▶ Problem: Images excluded, return every record exactly as it reads.

▶ Dataset extract:
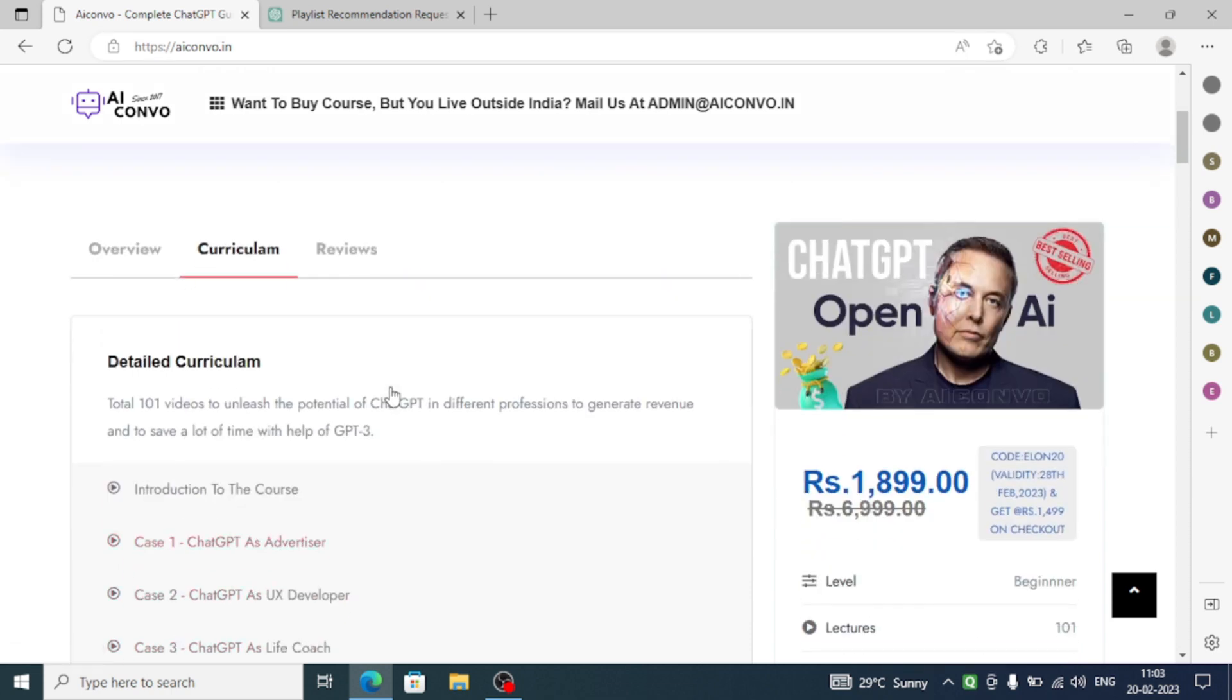If you think it is worth buying, then please go for it. Thank you, this was a video where I told you how you can use ChatGPT as a song recommender. We will meet you in the next video, till then bye.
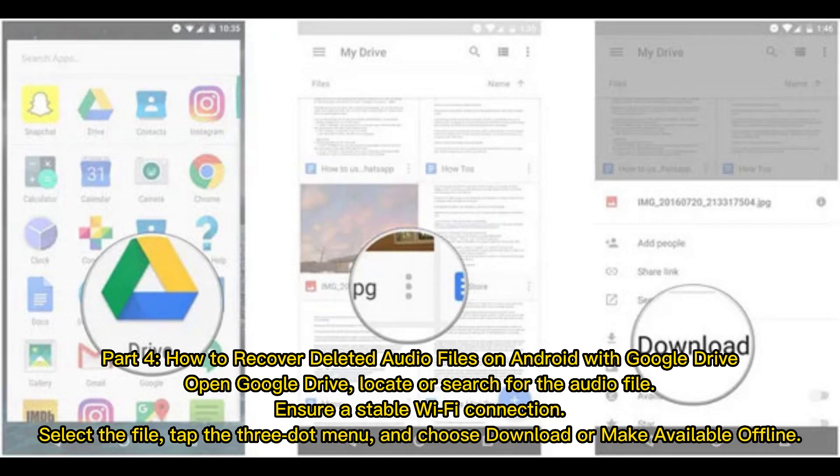Part 4: How to recover deleted audio files on Android with Google Drive. Open Google Drive and locate or search for the audio file. Ensure a stable Wi-Fi connection, select the file, tap the three-dot menu, and choose Download or Make Available Offline.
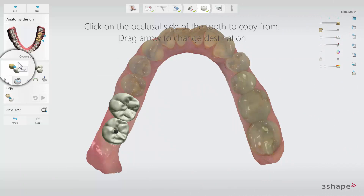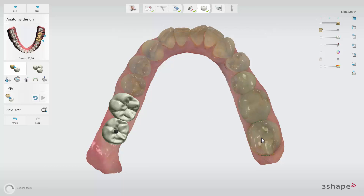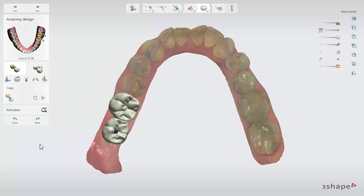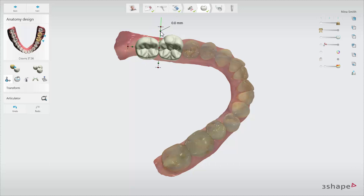Click on the Copy icon, then click on the occlusal side of the tooth you wish to copy. The software will design the virtual crown based on the tooth you chose. You can adjust the crown if needed. To modify the crown shape or position, use the Transform tool, which is selected by default once the crown has been placed.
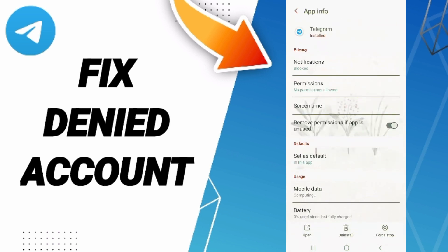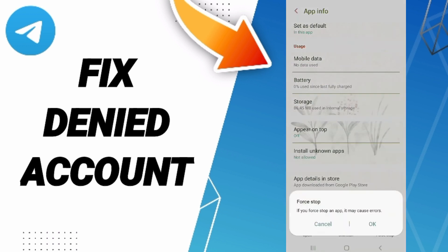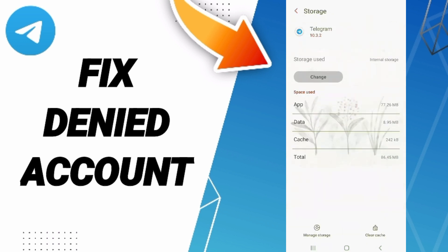As you see on this page, click Force Stop and then click OK. Then you will enter Storage, and here you can click Clear Cache.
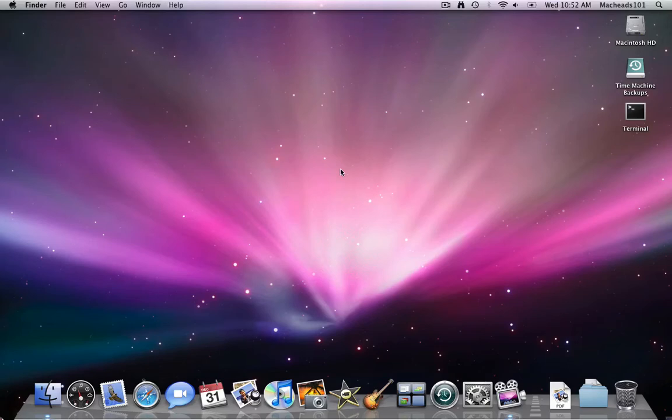Hey guys, this is MacHeadsOn. This is just going to be a video on how to enable root on your Mac with administrator privileges.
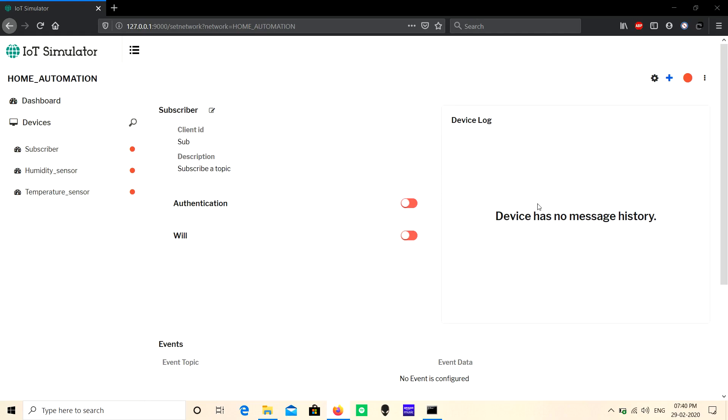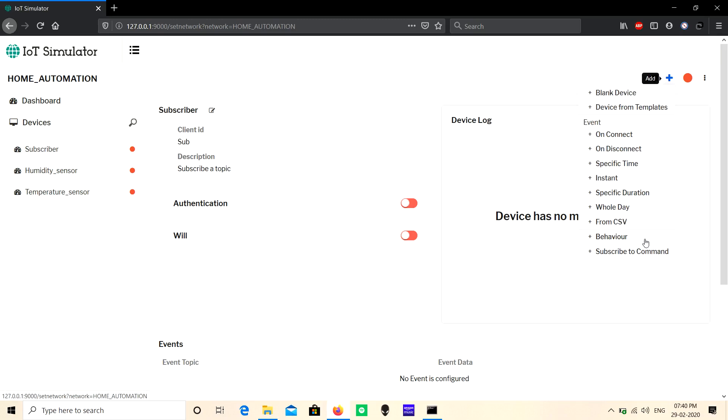To subscribe a topic in this device, click the plus icon on the top right corner and select 'Subscribe to Command'.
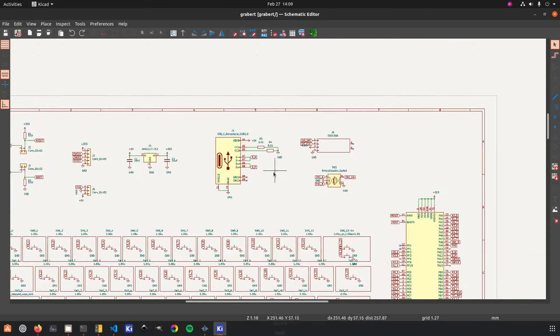So that's the entire schematic of the Greybert PCB. We went from microcontroller, all the peripherals, then all the switches, and then we'll jump in to the actual PCB itself.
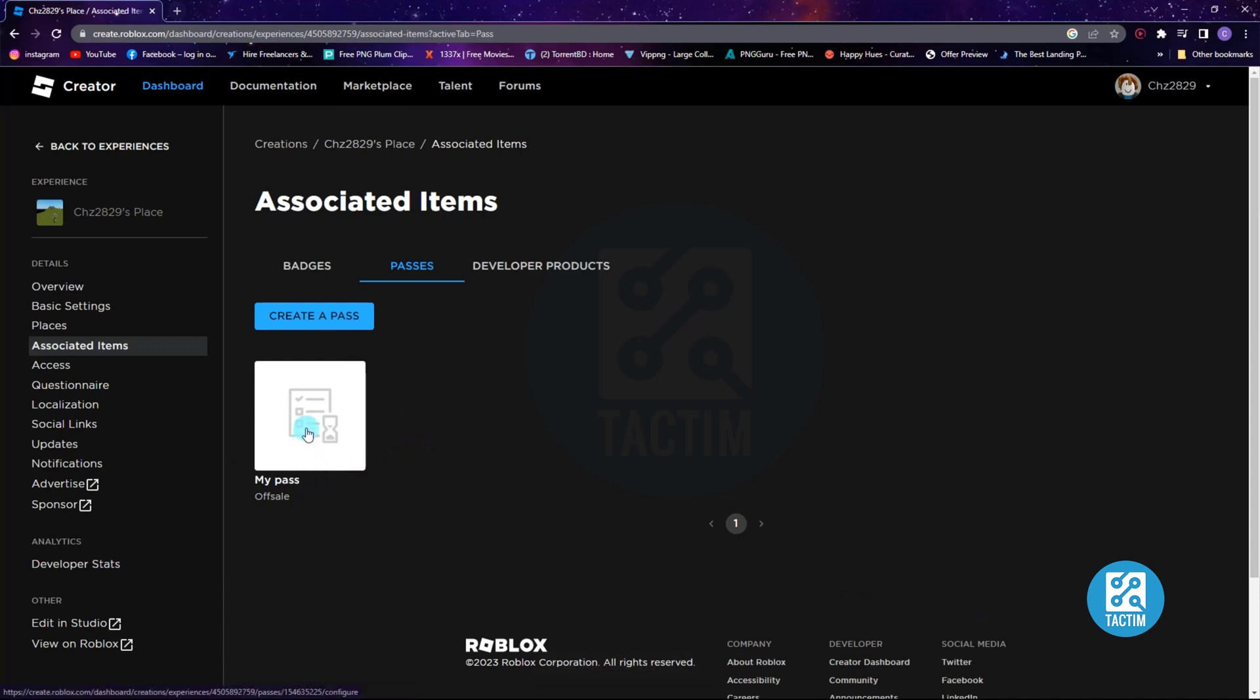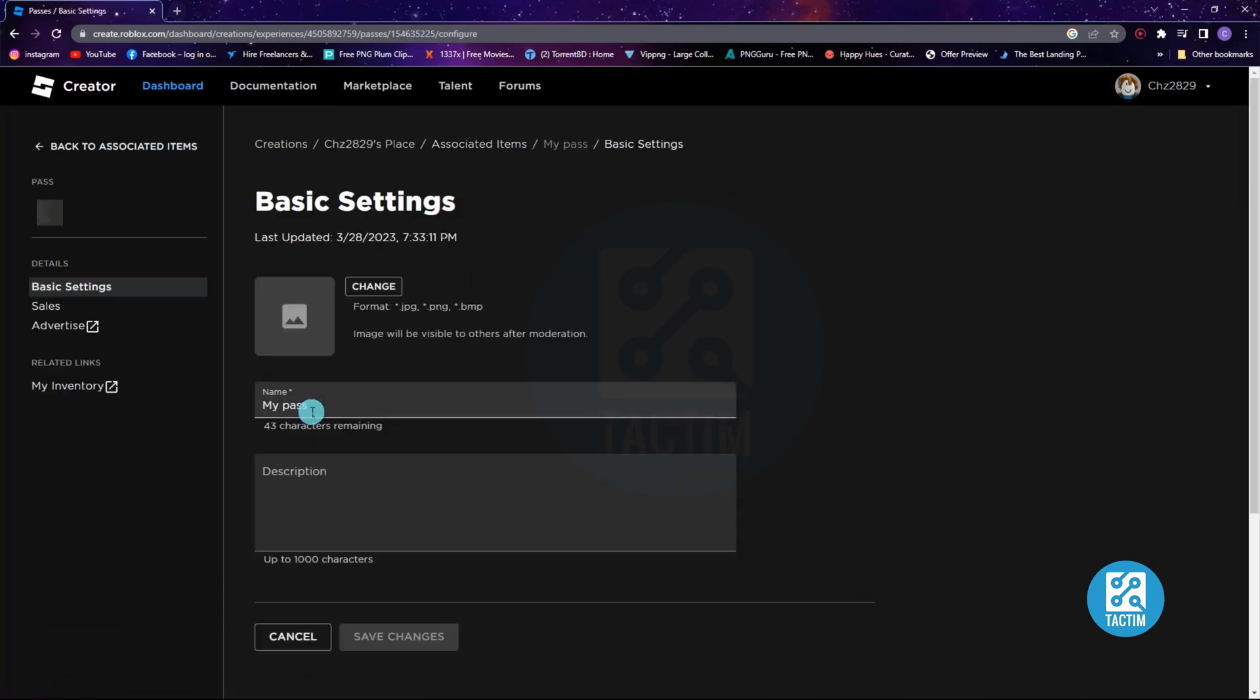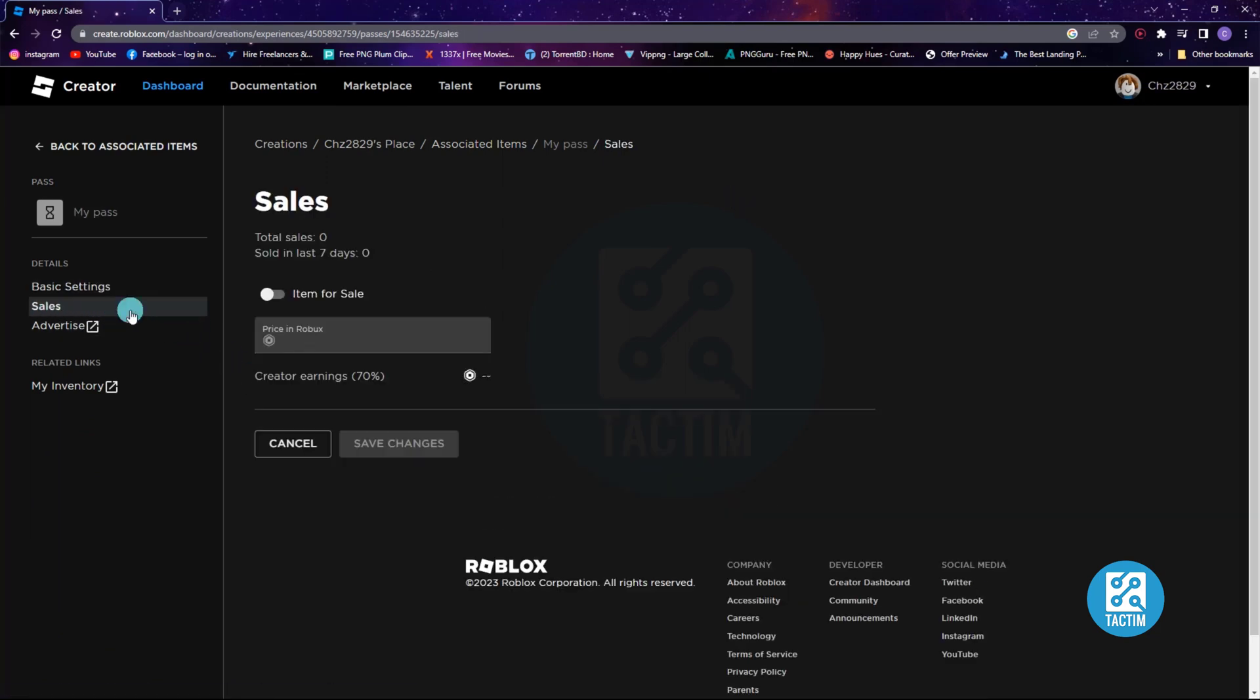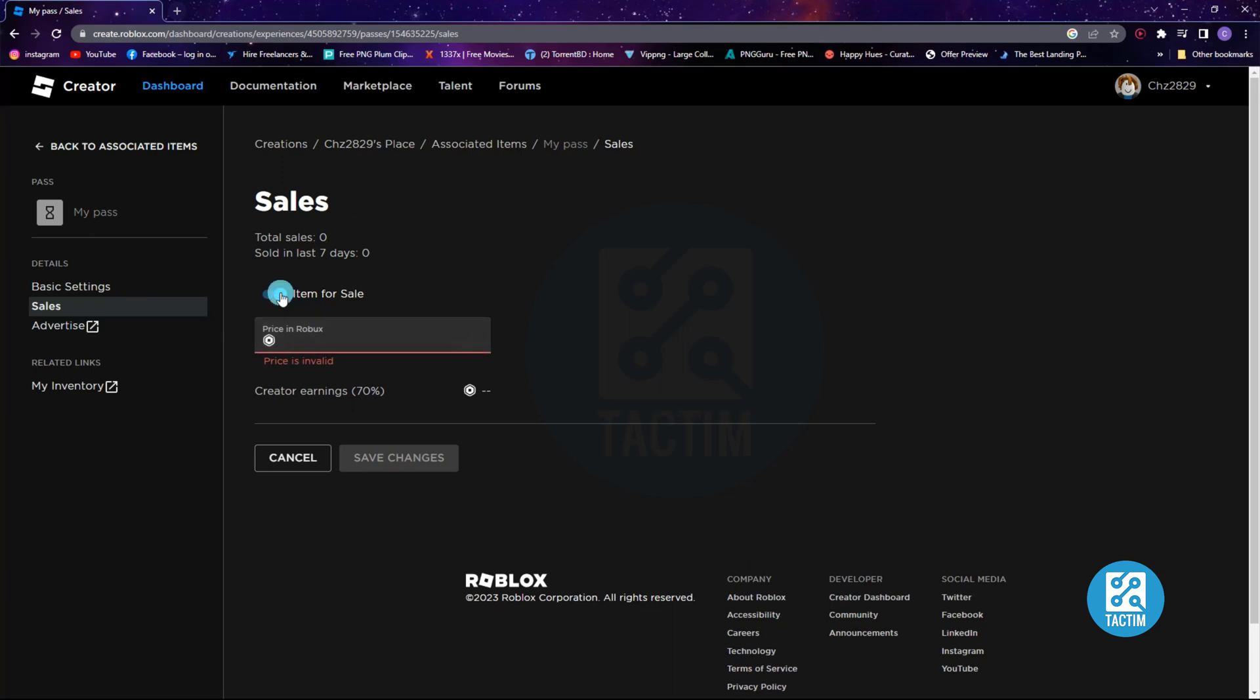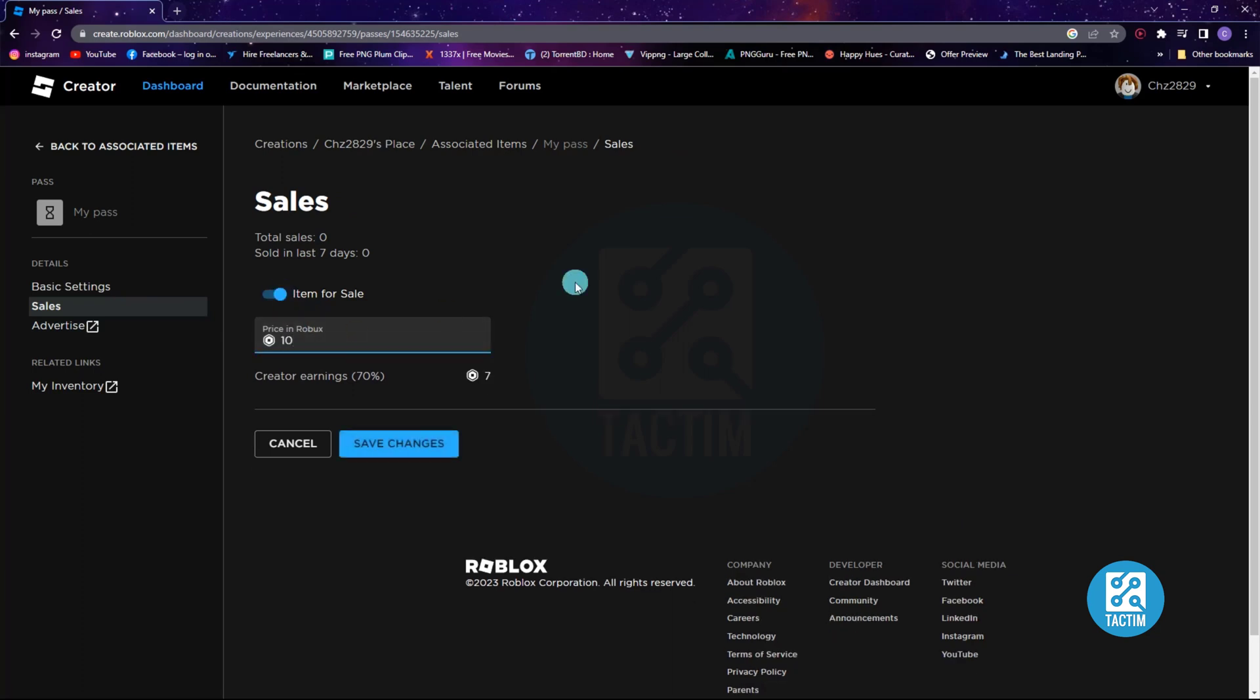Now you have to add a price to it. Click it again. From the left menu, click Sales, mark item for sale, give it the price, then click Save Changes. That's all. If you like this video, please subscribe. Thank you.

▶ Answer space:
If you think it is worth buying, then please go for it. Thank you, this was a video where I told you how you can use ChatGPT as a song recommender. We will meet you in the next video, till then bye.
Part 4: How to recover deleted audio files on Android with Google Drive. Open Google Drive and locate or search for the audio file. Ensure a stable Wi-Fi connection, select the file, tap the three-dot menu, and choose Download or Make Available Offline.
Click on the Copy icon, then click on the occlusal side of the tooth you wish to copy. The software will design the virtual crown based on the tooth you chose. You can adjust the crown if needed. To modify the crown shape or position, use the Transform tool, which is selected by default once the crown has been placed.
As you see on this page, click Force Stop and then click OK. Then you will enter Storage, and here you can click Clear Cache.
Hey guys, this is MacHeadsOn. This is just going to be a video on how to enable root on your Mac with administrator privileges.
To subscribe a topic in this device, click the plus icon on the top right corner and select 'Subscribe to Command'.
So that's the entire schematic of the Greybert PCB. We went from microcontroller, all the peripherals, then all the switches, and then we'll jump in to the actual PCB itself.
Now you have to add a price to it. Click it again. From the left menu, click Sales, mark item for sale, give it the price, then click Save Changes. That's all. If you like this video, please subscribe. Thank you.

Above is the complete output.